» Activity: Across these entries, count the lines holding the string "license"; the number is the whole answer.

» Dataset extract:
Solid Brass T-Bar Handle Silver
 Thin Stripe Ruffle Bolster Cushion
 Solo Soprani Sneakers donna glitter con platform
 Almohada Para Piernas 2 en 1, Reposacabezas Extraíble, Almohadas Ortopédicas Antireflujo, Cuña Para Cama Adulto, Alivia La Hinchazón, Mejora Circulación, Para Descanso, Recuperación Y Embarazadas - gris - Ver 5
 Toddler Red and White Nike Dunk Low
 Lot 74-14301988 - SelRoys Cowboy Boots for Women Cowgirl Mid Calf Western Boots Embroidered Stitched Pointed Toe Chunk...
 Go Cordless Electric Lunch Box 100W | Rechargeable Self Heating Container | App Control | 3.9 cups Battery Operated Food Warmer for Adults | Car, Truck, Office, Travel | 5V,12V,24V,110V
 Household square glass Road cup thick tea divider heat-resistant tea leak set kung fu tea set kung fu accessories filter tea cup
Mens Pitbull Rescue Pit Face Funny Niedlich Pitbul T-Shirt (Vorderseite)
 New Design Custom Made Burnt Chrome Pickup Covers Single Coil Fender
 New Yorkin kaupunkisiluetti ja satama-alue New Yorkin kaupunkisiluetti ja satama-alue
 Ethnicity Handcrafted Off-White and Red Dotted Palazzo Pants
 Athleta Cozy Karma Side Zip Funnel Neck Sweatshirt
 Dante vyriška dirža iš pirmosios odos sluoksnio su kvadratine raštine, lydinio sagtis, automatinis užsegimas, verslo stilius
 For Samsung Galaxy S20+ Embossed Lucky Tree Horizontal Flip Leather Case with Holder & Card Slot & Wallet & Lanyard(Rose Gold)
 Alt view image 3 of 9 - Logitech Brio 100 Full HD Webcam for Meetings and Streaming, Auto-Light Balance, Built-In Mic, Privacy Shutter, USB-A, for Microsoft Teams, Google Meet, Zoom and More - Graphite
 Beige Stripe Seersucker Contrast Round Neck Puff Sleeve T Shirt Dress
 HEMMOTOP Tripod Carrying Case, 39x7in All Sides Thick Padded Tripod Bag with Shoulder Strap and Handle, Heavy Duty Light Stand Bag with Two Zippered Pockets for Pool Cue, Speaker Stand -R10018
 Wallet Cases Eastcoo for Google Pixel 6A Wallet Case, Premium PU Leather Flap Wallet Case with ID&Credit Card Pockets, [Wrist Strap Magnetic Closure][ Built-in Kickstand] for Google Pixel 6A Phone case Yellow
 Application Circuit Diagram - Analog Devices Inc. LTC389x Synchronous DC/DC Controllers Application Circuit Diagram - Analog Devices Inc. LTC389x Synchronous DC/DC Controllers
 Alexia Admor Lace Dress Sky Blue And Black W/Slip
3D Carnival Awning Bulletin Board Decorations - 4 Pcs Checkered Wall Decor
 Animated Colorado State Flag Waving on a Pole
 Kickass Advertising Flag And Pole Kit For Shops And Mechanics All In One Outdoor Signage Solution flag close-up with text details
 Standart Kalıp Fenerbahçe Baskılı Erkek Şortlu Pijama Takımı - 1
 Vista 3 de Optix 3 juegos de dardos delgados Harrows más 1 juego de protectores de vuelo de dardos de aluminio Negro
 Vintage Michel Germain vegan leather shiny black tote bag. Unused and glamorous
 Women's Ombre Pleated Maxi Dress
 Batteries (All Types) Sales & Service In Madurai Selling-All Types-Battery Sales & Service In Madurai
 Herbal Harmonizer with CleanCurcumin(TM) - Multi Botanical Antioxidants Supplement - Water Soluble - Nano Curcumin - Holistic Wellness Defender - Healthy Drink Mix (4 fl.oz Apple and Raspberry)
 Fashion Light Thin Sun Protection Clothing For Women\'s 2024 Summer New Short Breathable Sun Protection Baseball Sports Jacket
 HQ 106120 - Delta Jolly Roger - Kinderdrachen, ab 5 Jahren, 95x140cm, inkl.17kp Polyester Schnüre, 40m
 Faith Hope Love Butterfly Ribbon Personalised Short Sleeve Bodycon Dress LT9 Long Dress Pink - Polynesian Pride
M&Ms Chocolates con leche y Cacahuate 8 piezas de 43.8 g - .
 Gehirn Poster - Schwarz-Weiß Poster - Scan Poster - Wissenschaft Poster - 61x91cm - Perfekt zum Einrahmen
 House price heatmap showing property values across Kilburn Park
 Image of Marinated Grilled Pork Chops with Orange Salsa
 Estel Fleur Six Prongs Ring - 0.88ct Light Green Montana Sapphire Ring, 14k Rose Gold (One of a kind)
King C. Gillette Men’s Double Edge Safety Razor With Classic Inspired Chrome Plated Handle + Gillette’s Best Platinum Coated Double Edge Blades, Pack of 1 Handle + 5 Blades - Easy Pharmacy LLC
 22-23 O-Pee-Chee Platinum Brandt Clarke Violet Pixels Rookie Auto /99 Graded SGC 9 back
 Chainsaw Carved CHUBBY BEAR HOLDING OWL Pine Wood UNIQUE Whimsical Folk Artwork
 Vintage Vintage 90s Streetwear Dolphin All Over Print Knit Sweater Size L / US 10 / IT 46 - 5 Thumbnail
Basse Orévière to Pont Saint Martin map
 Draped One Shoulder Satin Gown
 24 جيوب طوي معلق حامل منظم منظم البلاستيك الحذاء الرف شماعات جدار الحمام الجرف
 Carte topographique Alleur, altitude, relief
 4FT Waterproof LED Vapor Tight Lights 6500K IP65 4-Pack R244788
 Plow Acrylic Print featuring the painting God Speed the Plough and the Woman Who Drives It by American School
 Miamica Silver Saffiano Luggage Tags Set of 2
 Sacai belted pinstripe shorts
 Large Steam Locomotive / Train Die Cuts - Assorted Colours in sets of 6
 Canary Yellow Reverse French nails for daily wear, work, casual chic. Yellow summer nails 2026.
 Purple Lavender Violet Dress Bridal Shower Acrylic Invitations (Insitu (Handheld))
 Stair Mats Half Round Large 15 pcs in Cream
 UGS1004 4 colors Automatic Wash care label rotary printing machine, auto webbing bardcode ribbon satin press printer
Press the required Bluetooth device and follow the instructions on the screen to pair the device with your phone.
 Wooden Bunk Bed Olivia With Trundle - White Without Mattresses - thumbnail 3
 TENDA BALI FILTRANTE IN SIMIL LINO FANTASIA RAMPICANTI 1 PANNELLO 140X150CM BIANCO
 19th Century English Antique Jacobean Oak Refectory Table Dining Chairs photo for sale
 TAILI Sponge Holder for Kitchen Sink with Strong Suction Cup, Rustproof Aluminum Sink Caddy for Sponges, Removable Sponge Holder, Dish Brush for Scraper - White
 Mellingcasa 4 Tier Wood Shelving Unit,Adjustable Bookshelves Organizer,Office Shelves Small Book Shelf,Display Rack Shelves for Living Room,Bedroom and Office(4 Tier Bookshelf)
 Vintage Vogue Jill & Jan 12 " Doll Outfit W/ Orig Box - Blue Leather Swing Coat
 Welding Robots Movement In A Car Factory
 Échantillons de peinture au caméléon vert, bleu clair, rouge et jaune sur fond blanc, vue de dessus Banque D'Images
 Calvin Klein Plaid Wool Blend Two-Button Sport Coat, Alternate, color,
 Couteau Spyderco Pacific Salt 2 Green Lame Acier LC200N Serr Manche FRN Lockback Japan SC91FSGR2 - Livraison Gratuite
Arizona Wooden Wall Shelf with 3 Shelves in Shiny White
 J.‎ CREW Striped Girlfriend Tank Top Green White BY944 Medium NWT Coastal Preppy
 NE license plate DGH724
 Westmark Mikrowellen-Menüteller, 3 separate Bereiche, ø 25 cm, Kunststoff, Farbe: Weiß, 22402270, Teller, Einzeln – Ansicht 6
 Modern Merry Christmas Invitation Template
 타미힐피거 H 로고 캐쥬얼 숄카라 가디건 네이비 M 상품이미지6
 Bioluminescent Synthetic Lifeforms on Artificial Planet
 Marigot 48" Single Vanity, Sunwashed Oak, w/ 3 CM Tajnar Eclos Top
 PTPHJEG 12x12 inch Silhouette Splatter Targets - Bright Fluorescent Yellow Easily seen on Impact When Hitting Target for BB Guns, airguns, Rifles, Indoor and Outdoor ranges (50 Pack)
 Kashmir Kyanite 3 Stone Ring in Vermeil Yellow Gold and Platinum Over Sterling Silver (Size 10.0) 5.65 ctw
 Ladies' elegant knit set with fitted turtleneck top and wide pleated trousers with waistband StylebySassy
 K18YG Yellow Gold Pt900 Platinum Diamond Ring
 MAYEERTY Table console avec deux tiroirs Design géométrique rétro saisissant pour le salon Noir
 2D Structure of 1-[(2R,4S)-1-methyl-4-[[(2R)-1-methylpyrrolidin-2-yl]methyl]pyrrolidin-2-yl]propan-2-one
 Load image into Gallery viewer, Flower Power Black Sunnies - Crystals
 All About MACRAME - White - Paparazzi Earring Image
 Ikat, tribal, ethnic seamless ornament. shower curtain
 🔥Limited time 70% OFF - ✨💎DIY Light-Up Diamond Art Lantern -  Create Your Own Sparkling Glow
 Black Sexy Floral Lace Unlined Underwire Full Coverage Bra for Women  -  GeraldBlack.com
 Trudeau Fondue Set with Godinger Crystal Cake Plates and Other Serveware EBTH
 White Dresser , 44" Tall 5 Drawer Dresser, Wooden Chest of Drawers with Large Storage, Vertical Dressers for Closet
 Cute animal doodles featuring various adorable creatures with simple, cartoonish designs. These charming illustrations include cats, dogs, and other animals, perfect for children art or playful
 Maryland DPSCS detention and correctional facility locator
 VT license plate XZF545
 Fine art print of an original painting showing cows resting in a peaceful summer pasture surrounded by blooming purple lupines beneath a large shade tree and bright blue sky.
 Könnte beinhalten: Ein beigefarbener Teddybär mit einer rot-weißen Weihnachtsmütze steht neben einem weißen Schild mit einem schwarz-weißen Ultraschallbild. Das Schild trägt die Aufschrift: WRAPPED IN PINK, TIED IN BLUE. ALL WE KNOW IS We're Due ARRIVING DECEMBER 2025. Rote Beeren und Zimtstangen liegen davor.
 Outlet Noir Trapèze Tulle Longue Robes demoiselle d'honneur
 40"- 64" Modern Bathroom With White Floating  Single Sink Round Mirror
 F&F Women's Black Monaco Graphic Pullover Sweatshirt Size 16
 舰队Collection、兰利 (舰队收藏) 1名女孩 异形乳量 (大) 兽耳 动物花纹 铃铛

» Task result: 2